(Caption-style text data)
——————

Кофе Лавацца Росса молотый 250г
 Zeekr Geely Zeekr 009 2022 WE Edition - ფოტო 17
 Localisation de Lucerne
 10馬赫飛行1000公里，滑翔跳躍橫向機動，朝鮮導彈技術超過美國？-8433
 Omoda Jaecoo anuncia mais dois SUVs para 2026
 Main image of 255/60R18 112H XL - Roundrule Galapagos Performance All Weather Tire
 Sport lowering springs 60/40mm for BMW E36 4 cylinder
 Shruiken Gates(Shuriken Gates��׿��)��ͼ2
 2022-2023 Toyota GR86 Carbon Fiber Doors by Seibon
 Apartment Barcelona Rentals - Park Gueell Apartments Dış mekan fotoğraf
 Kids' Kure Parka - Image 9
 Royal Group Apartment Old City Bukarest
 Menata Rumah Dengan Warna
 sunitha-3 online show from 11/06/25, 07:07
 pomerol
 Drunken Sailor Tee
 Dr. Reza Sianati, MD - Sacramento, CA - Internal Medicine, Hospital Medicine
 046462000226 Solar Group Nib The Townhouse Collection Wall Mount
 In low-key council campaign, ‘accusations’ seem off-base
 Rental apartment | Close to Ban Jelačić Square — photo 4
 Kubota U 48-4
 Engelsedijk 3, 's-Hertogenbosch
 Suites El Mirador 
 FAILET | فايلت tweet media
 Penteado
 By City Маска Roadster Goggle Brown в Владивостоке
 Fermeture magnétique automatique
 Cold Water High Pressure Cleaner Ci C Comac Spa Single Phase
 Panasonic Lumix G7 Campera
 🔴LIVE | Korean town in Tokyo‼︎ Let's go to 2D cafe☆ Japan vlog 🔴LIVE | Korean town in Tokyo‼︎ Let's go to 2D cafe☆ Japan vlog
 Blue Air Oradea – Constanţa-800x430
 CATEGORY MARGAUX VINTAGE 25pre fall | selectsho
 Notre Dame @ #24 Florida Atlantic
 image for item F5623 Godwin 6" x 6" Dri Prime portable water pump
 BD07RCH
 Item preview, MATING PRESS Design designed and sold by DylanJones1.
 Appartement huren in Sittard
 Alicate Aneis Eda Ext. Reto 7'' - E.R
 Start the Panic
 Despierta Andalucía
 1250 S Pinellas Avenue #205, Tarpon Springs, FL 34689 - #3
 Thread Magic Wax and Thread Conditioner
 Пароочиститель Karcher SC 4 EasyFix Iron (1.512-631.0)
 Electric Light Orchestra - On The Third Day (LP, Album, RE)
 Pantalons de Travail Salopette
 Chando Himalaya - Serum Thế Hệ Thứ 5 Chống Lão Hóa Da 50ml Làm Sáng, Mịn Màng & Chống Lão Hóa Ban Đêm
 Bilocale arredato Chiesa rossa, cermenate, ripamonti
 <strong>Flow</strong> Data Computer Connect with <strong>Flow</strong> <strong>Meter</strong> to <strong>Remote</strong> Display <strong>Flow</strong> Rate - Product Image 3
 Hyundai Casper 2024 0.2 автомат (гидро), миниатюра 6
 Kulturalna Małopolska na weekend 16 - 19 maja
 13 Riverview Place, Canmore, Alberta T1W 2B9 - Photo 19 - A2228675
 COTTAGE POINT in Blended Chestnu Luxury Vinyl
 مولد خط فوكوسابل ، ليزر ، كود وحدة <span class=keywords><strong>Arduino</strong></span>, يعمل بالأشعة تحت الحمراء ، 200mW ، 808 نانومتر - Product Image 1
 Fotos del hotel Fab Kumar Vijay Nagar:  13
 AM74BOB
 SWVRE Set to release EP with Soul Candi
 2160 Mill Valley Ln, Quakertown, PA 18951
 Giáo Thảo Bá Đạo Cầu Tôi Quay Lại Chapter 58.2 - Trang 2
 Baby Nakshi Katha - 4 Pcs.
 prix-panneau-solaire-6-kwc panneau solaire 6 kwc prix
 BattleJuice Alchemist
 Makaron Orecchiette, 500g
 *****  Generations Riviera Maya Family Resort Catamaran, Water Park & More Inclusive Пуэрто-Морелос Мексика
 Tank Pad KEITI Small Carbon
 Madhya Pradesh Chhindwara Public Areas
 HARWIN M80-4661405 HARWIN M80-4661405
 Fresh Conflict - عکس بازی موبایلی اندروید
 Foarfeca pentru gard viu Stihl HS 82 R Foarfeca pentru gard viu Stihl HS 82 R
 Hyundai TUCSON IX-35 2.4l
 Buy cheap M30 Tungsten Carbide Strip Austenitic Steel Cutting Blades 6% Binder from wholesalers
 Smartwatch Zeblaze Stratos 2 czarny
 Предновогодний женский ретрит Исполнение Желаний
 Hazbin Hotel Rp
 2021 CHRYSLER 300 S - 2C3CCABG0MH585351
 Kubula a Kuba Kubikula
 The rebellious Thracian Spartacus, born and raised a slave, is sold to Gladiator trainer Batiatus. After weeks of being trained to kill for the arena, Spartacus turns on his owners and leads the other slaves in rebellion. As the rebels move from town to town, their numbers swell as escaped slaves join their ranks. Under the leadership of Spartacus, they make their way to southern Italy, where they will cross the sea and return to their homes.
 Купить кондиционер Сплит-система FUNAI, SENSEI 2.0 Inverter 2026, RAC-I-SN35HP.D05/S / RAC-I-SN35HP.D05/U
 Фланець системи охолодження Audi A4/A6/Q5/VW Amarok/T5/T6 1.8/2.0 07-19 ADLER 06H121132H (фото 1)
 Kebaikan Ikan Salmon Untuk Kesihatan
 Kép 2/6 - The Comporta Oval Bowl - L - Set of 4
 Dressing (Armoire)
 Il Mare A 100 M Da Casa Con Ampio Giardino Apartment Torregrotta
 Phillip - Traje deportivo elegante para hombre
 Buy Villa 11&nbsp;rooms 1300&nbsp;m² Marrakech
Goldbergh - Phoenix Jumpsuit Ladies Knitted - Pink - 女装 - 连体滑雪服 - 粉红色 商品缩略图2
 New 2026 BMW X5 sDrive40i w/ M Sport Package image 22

——————

• [Task description] No lines before the one containing "Smartwatch Zeblaze Stratos 2 czarny" belong in the answer; write out that line and each one after it exactly, through the end of the records.

• [Exercise response]
 Smartwatch Zeblaze Stratos 2 czarny
 Предновогодний женский ретрит Исполнение Желаний
 Hazbin Hotel Rp
 2021 CHRYSLER 300 S - 2C3CCABG0MH585351
 Kubula a Kuba Kubikula
 The rebellious Thracian Spartacus, born and raised a slave, is sold to Gladiator trainer Batiatus. After weeks of being trained to kill for the arena, Spartacus turns on his owners and leads the other slaves in rebellion. As the rebels move from town to town, their numbers swell as escaped slaves join their ranks. Under the leadership of Spartacus, they make their way to southern Italy, where they will cross the sea and return to their homes.
 Купить кондиционер Сплит-система FUNAI, SENSEI 2.0 Inverter 2026, RAC-I-SN35HP.D05/S / RAC-I-SN35HP.D05/U
 Фланець системи охолодження Audi A4/A6/Q5/VW Amarok/T5/T6 1.8/2.0 07-19 ADLER 06H121132H (фото 1)
 Kebaikan Ikan Salmon Untuk Kesihatan
 Kép 2/6 - The Comporta Oval Bowl - L - Set of 4
 Dressing (Armoire)
 Il Mare A 100 M Da Casa Con Ampio Giardino Apartment Torregrotta
 Phillip - Traje deportivo elegante para hombre
 Buy Villa 11&nbsp;rooms 1300&nbsp;m² Marrakech
Goldbergh - Phoenix Jumpsuit Ladies Knitted - Pink - 女装 - 连体滑雪服 - 粉红色 商品缩略图2
 New 2026 BMW X5 sDrive40i w/ M Sport Package image 22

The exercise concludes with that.